Abelian Spiders

TL;DR

This paper studies a class of graphs called abelian spiders, showing only finitely many such graphs are non-Dynkin and abelian, with implications for classifying subfactors and Salem numbers.

Contribution

It generalizes previous work by classifying abelian spider graphs and establishing their finiteness and enumerability, with applications to subfactor theory.

Findings

Finitely many abelian spiders are not Dynkin diagrams.

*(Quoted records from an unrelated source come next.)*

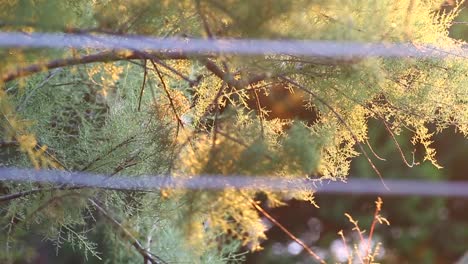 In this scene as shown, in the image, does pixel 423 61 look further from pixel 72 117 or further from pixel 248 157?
pixel 72 117

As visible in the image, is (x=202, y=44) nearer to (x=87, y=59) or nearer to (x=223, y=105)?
(x=87, y=59)

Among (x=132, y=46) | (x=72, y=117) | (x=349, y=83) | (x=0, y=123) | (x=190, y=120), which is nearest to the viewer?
(x=132, y=46)

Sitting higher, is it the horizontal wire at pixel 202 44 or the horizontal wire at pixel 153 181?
the horizontal wire at pixel 202 44

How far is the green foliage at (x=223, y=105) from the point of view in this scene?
9.28ft

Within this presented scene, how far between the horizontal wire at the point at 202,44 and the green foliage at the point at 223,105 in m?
0.03

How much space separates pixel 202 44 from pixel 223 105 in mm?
1041

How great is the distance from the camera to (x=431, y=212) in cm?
1055

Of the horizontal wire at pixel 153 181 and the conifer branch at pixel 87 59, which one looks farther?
the conifer branch at pixel 87 59

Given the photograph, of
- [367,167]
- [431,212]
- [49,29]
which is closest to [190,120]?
[49,29]

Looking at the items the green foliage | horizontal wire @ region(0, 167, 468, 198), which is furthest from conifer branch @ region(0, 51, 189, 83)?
horizontal wire @ region(0, 167, 468, 198)

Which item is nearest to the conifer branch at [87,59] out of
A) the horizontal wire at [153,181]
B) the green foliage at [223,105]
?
the green foliage at [223,105]

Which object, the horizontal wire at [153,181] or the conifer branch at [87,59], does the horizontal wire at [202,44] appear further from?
the horizontal wire at [153,181]

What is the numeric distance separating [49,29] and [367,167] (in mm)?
7729

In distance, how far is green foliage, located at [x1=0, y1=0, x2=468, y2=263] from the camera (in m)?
2.83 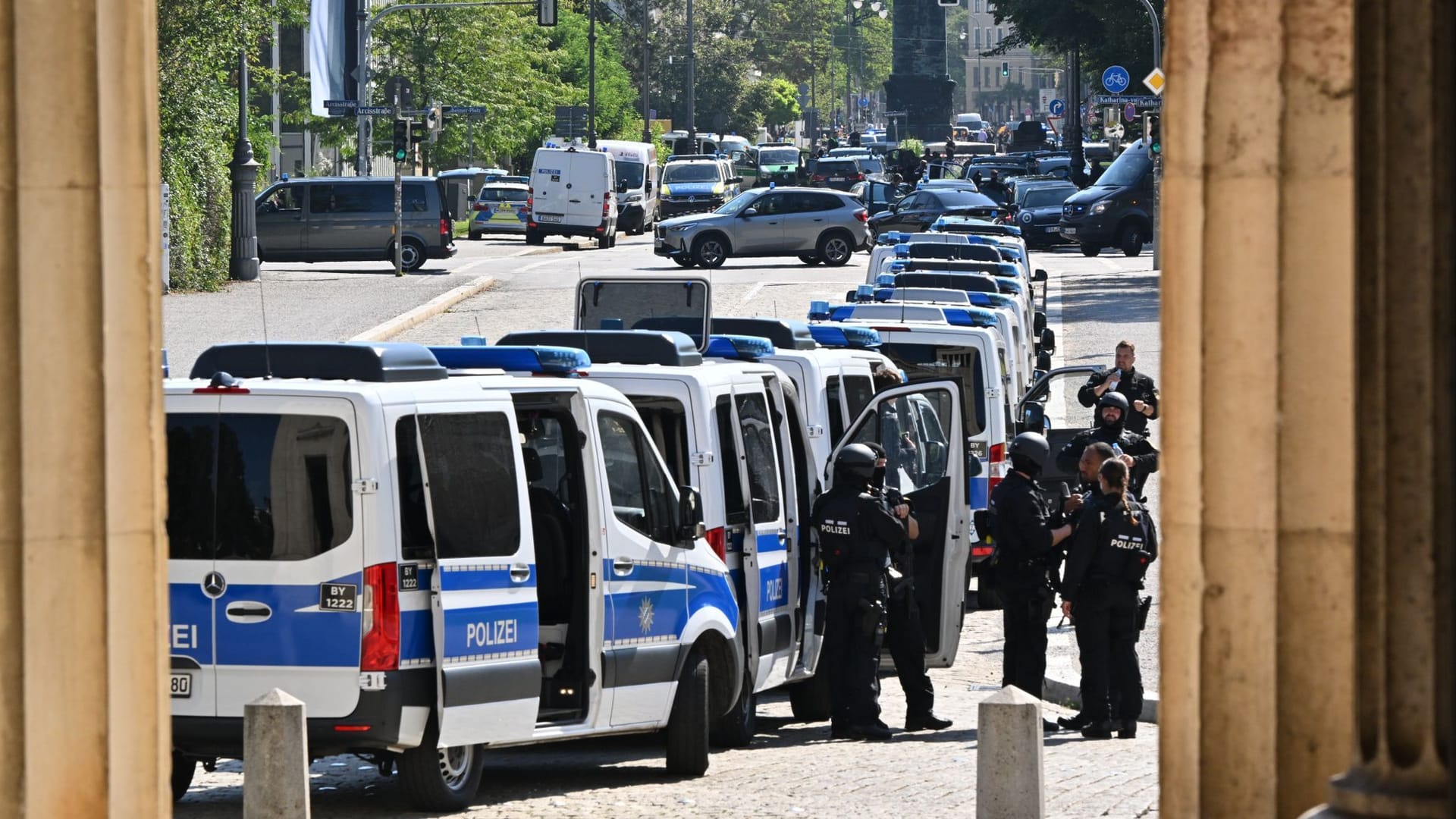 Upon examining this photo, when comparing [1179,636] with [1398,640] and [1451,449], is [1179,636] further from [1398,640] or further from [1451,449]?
[1451,449]

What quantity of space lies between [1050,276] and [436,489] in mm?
35725

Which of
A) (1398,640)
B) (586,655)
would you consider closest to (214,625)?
(586,655)

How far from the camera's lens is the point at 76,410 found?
640cm

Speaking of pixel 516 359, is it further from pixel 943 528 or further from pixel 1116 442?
pixel 1116 442

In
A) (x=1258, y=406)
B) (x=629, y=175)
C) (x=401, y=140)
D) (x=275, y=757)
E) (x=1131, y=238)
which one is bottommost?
(x=275, y=757)

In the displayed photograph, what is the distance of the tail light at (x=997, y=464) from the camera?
17172 mm

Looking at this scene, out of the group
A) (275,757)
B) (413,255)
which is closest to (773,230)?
(413,255)

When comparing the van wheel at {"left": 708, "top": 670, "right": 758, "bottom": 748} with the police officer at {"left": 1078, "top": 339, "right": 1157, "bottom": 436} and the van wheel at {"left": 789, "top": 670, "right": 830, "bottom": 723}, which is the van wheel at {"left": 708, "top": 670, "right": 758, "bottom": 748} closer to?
the van wheel at {"left": 789, "top": 670, "right": 830, "bottom": 723}

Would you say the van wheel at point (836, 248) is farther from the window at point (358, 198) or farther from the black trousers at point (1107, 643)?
the black trousers at point (1107, 643)

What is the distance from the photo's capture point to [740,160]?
91.2 meters

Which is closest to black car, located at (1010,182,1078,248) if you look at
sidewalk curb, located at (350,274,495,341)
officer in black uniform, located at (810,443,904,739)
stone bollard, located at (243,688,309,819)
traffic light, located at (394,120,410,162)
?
sidewalk curb, located at (350,274,495,341)

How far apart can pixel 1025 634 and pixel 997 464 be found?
533cm

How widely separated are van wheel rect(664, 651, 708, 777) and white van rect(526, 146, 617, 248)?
1637 inches

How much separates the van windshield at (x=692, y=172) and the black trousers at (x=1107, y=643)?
178 feet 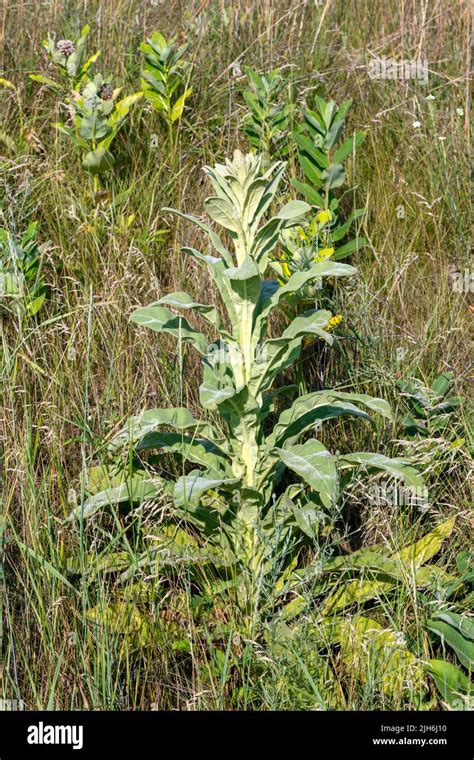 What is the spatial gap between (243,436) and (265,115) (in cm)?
168

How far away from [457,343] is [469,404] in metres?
0.38

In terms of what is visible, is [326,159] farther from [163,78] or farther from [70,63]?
[70,63]

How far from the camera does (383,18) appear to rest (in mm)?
4492

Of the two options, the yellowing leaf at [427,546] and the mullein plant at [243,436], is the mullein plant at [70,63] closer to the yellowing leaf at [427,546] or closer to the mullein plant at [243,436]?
the mullein plant at [243,436]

All such spiders can be effectively enumerated.

The set of Salem numbers of abelian type is discrete.

Abstract

If G is a finite graph, then the largest eigenvalue L of the adjacency matrix of G is a totally real algebraic integer (L is the Perron-Frobenius eigenvalue of G). We say that G is abelian if the field generated by L^2 is abelian. Given a fixed graph G and a fixed set of vertices of G, we define a spider graph to be a graph obtained by attaching to each of the chosen vertices of G some 2-valent trees of finite length. The main result is that only finitely many of the corresponding spider graphs are both abelian and not Dynkin diagrams, and that all such spiders can be effectively enumerated; this generalizes a previous result of Calegari, Morrison, and Snyder. The main theorem has applications to the classification of finite index subfactors. We also prove that the set of Salem numbers of "abelian type" is discrete.